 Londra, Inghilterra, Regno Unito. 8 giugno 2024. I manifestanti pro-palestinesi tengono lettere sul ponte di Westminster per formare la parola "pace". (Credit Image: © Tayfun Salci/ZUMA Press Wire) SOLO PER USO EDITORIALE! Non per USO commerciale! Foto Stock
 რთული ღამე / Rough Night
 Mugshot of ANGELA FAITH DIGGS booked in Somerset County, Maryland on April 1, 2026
---
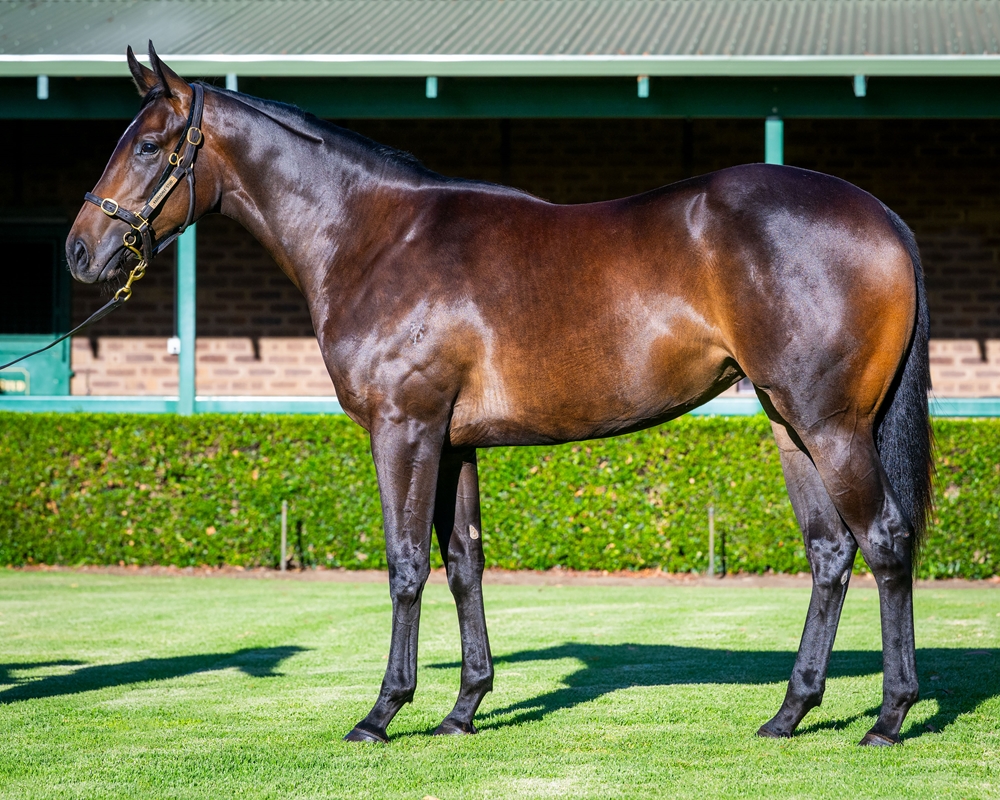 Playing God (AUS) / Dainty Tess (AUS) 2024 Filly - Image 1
---
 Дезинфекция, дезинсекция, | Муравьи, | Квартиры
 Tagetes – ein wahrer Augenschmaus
---
#### WORK INSTRUCTION
Using the listing above, return word for word each line from the one that has "Londra, Inghilterra, Regno" through the one that has "Mugshot of ANGELA", and no line outside that range.

#### ANSWER FOR THIS EXERCISE
 Londra, Inghilterra, Regno Unito. 8 giugno 2024. I manifestanti pro-palestinesi tengono lettere sul ponte di Westminster per formare la parola "pace". (Credit Image: © Tayfun Salci/ZUMA Press Wire) SOLO PER USO EDITORIALE! Non per USO commerciale! Foto Stock
 რთული ღამე / Rough Night
 Mugshot of ANGELA FAITH DIGGS booked in Somerset County, Maryland on April 1, 2026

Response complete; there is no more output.